YOUR ASSIGNMENT => Go through the entries below from the first line and output each one exactly, up to and including the line with "Sala de estar".

INFORMATION SUPPLIED =>

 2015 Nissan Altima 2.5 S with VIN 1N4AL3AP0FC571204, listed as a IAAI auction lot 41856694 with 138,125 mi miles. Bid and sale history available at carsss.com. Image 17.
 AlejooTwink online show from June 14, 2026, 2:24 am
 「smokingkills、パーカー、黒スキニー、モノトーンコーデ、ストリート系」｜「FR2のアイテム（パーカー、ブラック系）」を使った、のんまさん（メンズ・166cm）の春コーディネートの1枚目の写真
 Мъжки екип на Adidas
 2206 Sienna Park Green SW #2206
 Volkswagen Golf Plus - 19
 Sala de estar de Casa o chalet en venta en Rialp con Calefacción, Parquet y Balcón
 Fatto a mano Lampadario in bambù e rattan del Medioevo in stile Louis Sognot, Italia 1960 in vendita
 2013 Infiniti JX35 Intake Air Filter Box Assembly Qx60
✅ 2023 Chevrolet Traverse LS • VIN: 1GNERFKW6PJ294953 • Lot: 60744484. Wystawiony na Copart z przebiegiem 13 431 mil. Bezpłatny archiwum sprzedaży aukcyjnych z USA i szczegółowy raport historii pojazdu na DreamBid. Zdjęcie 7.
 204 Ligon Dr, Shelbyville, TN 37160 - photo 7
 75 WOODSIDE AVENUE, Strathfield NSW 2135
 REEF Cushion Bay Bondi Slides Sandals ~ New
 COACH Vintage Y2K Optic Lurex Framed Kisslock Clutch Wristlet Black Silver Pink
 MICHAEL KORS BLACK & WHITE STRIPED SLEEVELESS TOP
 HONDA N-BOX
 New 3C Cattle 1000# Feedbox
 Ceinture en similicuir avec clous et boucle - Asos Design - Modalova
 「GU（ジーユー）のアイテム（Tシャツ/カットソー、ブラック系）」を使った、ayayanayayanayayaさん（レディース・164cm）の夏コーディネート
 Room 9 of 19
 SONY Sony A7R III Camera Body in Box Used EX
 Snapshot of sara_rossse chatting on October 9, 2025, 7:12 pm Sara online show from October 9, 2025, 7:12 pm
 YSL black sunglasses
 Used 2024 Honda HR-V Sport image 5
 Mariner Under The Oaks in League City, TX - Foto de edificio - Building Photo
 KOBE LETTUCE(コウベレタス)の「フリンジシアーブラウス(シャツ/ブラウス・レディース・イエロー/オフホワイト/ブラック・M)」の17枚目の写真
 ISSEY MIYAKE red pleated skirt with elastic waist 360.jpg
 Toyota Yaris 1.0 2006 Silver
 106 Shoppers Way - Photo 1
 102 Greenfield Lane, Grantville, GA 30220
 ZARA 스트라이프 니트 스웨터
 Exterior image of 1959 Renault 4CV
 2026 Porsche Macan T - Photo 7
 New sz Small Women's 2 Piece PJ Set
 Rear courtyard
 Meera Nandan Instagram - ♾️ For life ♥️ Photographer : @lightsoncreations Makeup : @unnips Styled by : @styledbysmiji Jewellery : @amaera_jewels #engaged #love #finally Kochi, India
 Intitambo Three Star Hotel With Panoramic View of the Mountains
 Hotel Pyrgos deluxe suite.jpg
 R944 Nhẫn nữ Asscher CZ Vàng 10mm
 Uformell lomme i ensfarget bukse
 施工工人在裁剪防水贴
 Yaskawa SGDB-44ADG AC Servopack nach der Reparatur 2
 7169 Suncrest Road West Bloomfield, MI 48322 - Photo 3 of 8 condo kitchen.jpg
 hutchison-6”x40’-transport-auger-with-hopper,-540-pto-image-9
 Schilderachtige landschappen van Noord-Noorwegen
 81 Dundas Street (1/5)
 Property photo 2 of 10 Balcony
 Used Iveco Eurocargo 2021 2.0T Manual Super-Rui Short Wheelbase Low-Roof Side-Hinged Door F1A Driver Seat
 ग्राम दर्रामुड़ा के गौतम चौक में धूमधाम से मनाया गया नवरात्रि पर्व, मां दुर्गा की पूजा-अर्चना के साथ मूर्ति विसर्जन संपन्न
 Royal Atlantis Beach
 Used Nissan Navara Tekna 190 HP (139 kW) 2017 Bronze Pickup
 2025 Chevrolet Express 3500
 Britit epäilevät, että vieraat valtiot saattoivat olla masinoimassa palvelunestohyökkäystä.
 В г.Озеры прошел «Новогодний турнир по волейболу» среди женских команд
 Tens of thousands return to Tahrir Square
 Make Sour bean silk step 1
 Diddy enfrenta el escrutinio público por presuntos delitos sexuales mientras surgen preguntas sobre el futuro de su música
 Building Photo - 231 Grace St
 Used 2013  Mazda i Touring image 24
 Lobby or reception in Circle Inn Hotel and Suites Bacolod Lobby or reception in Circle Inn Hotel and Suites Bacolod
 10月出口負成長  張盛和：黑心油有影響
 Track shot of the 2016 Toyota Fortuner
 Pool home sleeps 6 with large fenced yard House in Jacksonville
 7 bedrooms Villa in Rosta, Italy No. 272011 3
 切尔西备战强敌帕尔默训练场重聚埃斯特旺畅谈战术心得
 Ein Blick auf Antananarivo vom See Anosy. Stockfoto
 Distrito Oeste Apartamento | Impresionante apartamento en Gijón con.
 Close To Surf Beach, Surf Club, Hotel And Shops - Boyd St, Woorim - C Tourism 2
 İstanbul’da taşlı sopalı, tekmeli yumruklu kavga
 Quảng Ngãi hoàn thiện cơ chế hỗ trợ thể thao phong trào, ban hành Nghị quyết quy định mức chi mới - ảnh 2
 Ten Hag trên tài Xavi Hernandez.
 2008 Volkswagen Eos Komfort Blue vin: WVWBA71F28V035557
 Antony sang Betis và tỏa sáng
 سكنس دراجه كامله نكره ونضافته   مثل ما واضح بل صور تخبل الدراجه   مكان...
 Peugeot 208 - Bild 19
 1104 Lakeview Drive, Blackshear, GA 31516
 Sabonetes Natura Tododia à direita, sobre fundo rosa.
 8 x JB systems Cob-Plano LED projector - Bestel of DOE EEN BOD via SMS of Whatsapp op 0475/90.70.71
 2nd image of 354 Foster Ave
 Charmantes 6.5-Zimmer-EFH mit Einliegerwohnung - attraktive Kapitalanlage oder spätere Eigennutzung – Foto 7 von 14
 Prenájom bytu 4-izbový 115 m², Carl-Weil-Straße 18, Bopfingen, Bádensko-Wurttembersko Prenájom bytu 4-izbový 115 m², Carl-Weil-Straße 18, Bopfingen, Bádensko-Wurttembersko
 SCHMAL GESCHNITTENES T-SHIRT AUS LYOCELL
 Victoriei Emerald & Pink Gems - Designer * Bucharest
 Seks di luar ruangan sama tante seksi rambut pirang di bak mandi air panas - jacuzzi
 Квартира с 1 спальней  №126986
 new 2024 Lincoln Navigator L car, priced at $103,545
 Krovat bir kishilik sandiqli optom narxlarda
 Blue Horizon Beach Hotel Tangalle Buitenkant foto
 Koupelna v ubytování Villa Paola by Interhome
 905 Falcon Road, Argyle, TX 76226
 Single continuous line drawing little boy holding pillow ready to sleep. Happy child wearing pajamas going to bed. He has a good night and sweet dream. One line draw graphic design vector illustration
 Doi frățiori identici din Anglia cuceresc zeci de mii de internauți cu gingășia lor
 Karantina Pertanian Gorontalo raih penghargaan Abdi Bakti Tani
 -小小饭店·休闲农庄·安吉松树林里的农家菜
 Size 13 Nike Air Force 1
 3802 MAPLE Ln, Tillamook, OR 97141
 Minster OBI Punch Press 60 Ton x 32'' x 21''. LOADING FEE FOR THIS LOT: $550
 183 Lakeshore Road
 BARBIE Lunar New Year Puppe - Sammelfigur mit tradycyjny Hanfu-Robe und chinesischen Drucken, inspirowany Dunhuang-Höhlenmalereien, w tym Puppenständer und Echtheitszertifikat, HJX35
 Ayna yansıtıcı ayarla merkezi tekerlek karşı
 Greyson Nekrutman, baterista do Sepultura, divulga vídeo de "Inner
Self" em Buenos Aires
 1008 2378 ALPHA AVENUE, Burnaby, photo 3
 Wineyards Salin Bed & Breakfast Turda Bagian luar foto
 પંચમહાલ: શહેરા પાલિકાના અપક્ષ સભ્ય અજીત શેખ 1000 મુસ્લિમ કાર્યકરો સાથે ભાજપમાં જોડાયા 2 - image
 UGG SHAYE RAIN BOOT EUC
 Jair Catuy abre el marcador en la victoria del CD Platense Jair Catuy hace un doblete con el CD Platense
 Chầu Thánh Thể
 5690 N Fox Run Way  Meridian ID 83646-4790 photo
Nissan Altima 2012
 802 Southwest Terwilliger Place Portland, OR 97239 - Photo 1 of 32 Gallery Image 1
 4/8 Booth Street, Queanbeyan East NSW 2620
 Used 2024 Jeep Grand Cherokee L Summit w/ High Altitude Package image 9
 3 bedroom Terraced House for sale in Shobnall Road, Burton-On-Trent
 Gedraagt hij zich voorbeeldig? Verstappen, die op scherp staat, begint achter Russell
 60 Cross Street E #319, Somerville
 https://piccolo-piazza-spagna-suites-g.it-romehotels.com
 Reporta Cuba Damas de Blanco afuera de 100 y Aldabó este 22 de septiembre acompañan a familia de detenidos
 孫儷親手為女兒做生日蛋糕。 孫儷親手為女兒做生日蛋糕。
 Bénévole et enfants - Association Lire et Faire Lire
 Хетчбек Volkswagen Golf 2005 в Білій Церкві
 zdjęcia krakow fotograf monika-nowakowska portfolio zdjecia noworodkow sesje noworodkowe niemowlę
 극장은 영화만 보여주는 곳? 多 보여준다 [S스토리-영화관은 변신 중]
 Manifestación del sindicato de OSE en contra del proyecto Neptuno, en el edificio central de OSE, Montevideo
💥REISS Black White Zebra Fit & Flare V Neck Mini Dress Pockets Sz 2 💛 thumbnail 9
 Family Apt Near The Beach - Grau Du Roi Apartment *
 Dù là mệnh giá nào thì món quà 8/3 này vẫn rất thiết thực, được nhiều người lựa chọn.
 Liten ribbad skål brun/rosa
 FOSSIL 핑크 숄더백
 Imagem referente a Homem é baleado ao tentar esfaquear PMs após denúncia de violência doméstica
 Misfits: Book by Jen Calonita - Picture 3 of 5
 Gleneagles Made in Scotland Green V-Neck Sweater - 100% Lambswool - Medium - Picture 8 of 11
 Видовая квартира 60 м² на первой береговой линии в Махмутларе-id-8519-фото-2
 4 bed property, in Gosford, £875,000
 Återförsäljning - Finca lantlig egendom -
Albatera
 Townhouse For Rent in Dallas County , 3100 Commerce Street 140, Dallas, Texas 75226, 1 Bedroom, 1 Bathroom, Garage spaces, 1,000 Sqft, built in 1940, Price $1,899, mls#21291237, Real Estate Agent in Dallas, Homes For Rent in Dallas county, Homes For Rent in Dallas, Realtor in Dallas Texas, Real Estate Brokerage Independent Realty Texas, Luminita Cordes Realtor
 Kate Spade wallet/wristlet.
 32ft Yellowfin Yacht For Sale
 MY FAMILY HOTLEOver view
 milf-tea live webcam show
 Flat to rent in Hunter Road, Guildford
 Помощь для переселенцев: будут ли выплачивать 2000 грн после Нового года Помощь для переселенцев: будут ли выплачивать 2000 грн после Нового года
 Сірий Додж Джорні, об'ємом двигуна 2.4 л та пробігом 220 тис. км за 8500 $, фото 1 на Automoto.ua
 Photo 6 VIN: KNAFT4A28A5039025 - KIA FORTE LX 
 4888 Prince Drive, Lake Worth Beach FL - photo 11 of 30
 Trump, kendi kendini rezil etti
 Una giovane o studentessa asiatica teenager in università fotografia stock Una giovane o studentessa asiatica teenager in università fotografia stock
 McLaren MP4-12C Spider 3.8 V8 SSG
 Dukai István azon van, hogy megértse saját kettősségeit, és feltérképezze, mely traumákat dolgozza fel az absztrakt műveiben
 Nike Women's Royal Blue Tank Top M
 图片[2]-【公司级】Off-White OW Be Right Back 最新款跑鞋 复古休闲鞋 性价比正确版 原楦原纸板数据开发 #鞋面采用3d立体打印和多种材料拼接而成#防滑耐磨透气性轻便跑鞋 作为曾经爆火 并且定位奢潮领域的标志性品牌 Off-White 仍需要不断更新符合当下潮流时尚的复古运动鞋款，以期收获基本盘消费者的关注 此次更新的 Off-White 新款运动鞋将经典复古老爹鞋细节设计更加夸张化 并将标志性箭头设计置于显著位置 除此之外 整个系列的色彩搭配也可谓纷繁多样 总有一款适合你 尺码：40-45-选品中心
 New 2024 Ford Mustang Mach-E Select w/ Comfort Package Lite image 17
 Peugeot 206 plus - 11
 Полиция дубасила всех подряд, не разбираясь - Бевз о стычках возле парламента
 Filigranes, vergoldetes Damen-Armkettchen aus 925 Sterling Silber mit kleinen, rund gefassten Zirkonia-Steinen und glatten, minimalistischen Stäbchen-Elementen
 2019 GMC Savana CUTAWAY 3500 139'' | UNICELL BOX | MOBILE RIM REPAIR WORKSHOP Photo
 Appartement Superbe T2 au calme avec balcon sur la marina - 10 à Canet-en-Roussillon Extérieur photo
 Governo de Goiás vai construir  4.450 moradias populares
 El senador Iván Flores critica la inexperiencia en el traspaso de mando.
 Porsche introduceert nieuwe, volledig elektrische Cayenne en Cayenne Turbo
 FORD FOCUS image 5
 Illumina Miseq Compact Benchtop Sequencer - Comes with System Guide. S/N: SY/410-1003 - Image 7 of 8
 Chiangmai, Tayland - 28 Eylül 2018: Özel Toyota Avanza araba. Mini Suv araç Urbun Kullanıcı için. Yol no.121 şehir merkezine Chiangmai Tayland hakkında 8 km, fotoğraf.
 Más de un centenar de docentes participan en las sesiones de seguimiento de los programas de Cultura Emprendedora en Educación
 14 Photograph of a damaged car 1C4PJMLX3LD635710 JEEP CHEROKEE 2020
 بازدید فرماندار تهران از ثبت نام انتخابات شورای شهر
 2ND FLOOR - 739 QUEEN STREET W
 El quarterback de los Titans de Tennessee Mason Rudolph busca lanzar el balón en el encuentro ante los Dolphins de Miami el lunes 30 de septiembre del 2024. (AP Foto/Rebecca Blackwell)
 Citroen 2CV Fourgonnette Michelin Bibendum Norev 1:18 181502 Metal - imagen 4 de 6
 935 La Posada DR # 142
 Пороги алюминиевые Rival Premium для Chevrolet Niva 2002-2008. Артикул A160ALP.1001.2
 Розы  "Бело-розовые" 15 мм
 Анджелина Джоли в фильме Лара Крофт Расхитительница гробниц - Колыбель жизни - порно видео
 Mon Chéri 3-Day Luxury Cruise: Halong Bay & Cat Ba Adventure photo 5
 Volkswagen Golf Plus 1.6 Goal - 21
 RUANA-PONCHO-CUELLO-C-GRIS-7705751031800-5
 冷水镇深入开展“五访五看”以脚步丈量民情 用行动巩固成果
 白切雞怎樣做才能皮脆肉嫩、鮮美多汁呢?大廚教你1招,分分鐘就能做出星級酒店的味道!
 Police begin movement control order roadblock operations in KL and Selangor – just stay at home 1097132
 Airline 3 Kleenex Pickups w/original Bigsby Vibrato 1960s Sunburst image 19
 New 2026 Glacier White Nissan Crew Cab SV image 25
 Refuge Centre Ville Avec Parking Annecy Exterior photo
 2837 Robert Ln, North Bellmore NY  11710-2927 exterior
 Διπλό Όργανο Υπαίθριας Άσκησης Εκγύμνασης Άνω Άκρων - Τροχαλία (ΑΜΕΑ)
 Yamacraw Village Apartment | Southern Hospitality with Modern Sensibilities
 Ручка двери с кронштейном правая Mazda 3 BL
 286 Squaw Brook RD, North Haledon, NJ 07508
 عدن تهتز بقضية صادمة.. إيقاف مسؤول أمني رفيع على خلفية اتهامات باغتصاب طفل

YOUR RESPONSE =>
 2015 Nissan Altima 2.5 S with VIN 1N4AL3AP0FC571204, listed as a IAAI auction lot 41856694 with 138,125 mi miles. Bid and sale history available at carsss.com. Image 17.
 AlejooTwink online show from June 14, 2026, 2:24 am
 「smokingkills、パーカー、黒スキニー、モノトーンコーデ、ストリート系」｜「FR2のアイテム（パーカー、ブラック系）」を使った、のんまさん（メンズ・166cm）の春コーディネートの1枚目の写真
 Мъжки екип на Adidas
 2206 Sienna Park Green SW #2206
 Volkswagen Golf Plus - 19
 Sala de estar de Casa o chalet en venta en Rialp con Calefacción, Parquet y Balcón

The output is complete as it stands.